La necessità di individuare in tempi brevi uno spazio per lo stoccaggio deriva dal fatto che, entro un anno e mezzo al massimo, la capacità del bosco di Montioni, luogo da quasi vent’anni deputato per il deposito dei gessi rossi, esaurirà la propria capienza. “E non si può rischiare che la proprietà della Venator, che è una multinazionale, non potendo svolgere la propria attività sul territorio decida di trasferirsi. Soprattutto dopo l’investimento stabilito per la costruzione di un nuovo impianto che, nel giro di 4 anni al massimo, dimezzerebbe la produzione di gessi rossi, portandola da 500 mila tonnellate all’anno a circa 250mila”.

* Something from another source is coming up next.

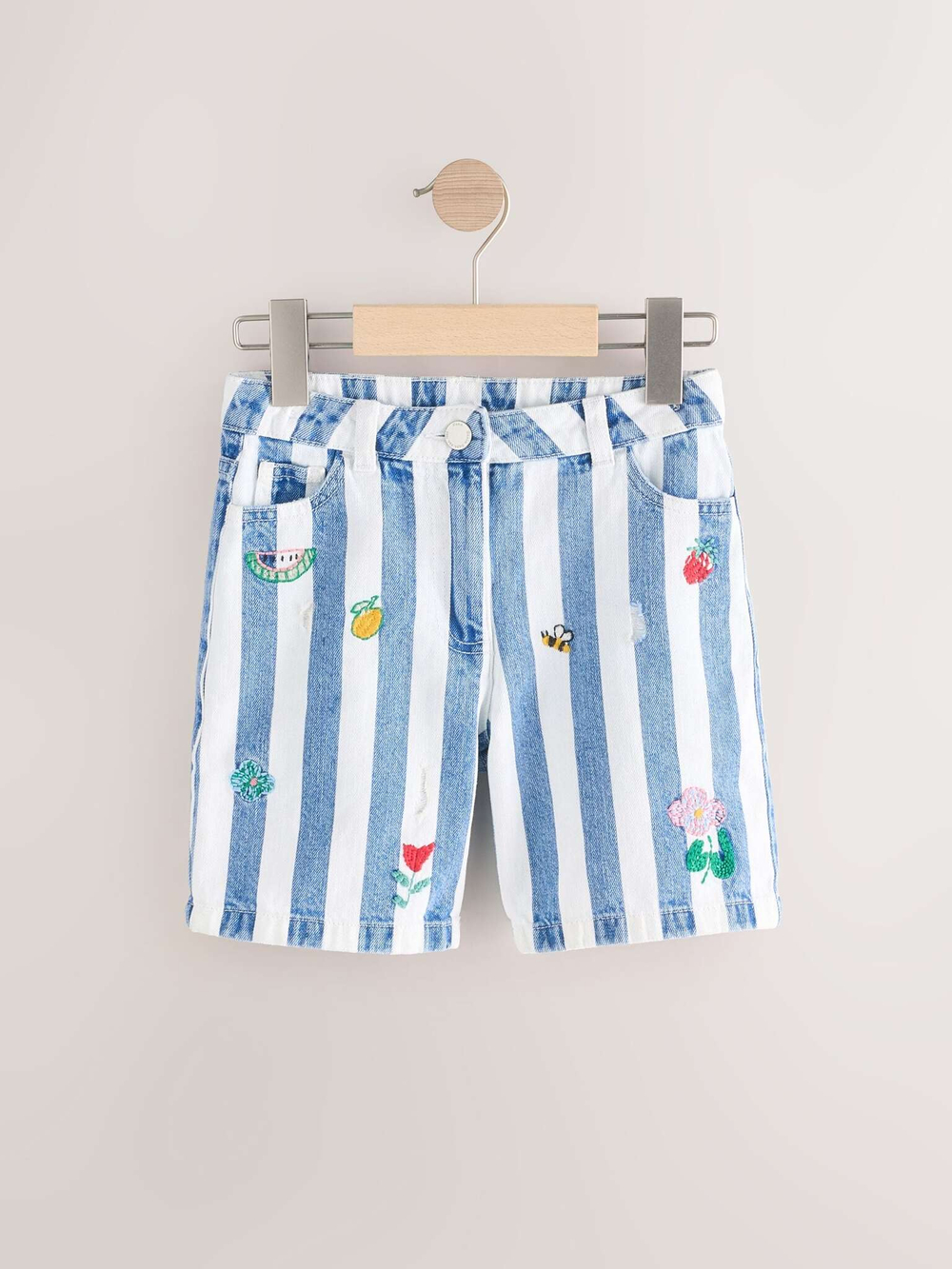 Шорты джинсовые с вышивкой для девочки Next E35-578, Синий, Белый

Anche sulle presunte richieste da parte dell’azienda di poter utilizzare altri luoghi per lo stoccaggio occorre, secondo i sindacati, fare chiarezza: “La ex cava di Pietratonda è stata individuata perché adatta, per caratteristiche morfologiche, ad ospitare lo stoccaggio di questi scarti. Ed è l’unico luogo individuato da Venator per lo scopo. L’uso dei gessi rossi consentirà il rimodellamento delle forme preesistenti e, mediante i sistemi di ingegneria naturalistica, permetterà di reinserire gradualmente tutte le specie autoctone, ponendo le basi per una progressiva ricostruzione della situazione ambientale pregressa”. Tutto questo nel rispetto di quanto prevede il testo unico sull’ambiente che “… nell’ottica della valorizzazione dei rifiuti – precisano Ferretti, Milani e Capponi – favorisce l’uso dei gessi rossi per il ripristino di cave che richiedono, come Pietratonda, interventi urgenti per la messa in sicurezza”.

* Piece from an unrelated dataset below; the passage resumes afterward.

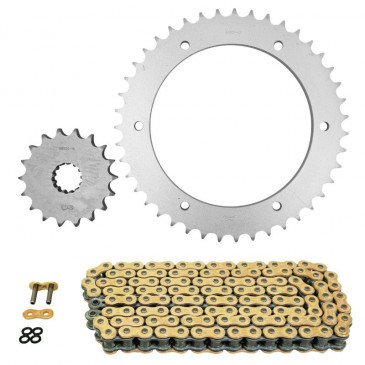 KIT CHAINE ADAPTABLE TRIUMPH 1050 SPEED TRIPLE R 2012>2017, SPEED TRIPLE RS ABS 2018>2019, SPEED TRIPLE ABS 2011>2016 530 18x43 (DIAM COURONNE 155/176/8.5) (DEMULTIPLICATION ORIGINE) -AFAM-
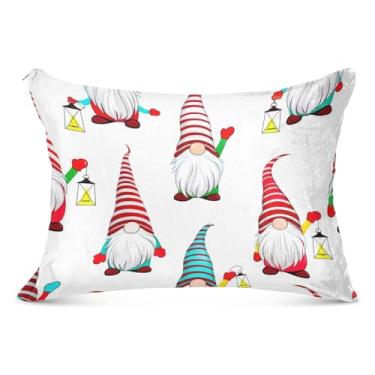 Imagem de Lindos Gnomos de Natal Capas de Almofada de Flanela Branca Fronha Decorativa King Queen Padrão Capas de Travesseiro Bonito para Travesseiro de Cama, Tamanho King, 50,8 cm x 101,6 cm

Va sottolineato anche, secondo le organizzazioni sindacali, che le acque adesso presenti nella ex miniera di Pietratonda, in quello conosciuto come lago dell’Incrociata, sono essenzialmente piovane, senza nessuna alimentazione esterna. “In queste acque la lisciviazione delle pareti, fortemente mineralizzate e prive di vegetazione, insieme allo strato di sottofondo impermeabile, hanno favorito la presenza nelle acque di metalli pesanti e metalli alcalino terrosi, come dimostrano i solidi sospesi evidenti dalla colorazione biancastra delle acque, dovuta allo presenza di caolino e come dimostrano i controlli effettuati con regolarità dagli enti preposti”.

“Se vogliamo, come è doveroso che sia, mettere al centro la salute dell’ambiente e delle persone – aggiungono i sindacati – dobbiamo tenere conto anche del fatto che la presenza delle aziende del polo chimico garantisce una presa in carico della bonifica delle aree a rischio che, in caso contrario, ricadrebbe sotto la responsabilità degli enti locali e avverrebbe a spese dei cittadini. E a proposito di rispetto per l’ambiente, le due aziende sono certificate Iso 9000, Iso 14000 e Emas”. “Vigileremo – concludono Ferretti, Milani e Capponi – affinché le opere di stoccaggio e bonifica vengano svolte correttamente e, per quanto concerne la realizzazione del nuovo impianto, che ridurrebbe la produzione di scarti, perché questa avvenga nei tempi. Non dimentichiamo, inoltre, che il nuovo impianto comporta la necessità di assumere nuova forza lavoro”.